Meanwhile, fault reduction methods are essential to minimize unnecessary FIs in system reliability evaluations, allowing resources to focus on impactful errors. By targeting critical paths and sensitive components, these methods improve test efficiency and reduce FI time and computational demands. However, most existing fault reduction frameworks rely solely on RTL simulations, which can be inaccurate in both large and complex systems. For example, Raasch et al. [13] introduced an innovative approach that extracts circuit node trees from RTL designs to improve the precision of ACE analysis, yet this method does not simulate the actual netlist, which can result in inaccuracies. Similarly, Yang et al. [14] proposed an ACE-based propagation graph approach (ACE-Pro) for fault reduction using RTL analysis, achieving fault reductions ranging from 98.91% to 99.91%. However, the ACE-Pro method relies on pre-simulation and analysis at the RTL level, which also cannot accurately reflect the actual physical designs.

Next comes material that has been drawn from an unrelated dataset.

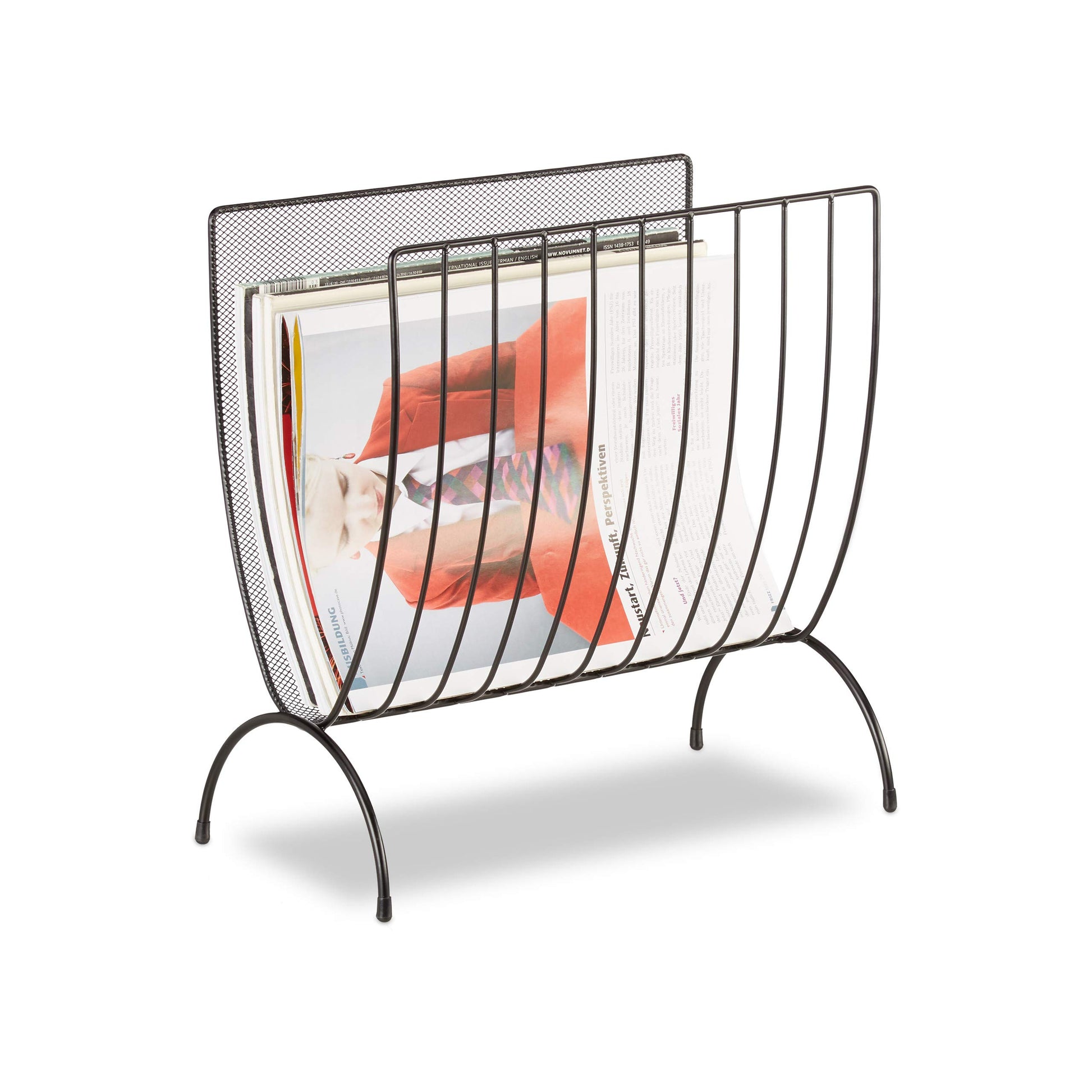 Relaxdays Mesh Newspaper Stand, Metal Newspaper Bin, Freestanding Rack, H x W x D 35 x 34 x 18 cm
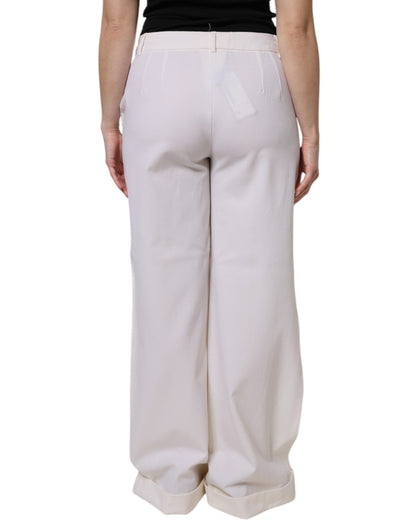 Dolce & Gabbana White Wool Mid Waist Wide Leg Pants by Dolce & Gabbana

Both software-based and hardware-based FI frameworks have their own advantages. Therefore, a co-design FI framework that combines both software and hardware, with low overhead and high efficiency, is essential. Additionally, it

is necessary to develop components capable of accurately modeling the faults in the DUT under real conditions, allowing pruned FI and further improving FI efficiency.

#### III. GENSHIN FRAMEWORK

As shown in Fig. 1, a generalized FI framework (Genshin) is introduced, incorporating a lightweight RISC-V core for FI in the standalone mode and JTAG logic for FI in the interactive user mode. In standalone mode, FI is conducted solely using the RISC-V core without external interaction. This mode is suitable for large-scale FI experiments, especially with many DUT chips in parallel. In interactive mode, a computer communicates with Genshin through JTAG, issuing Tcl commands to perform interactive human-in-the-loop FI. A clock and scan management unit (CSMU) and a programmable FI unit (PFIU) similar to a tiny FPGA are implemented for SC-based FI with configurable error patterns. In addition, an ACE-based fault table generator is implemented for efficient fault reduction during FI.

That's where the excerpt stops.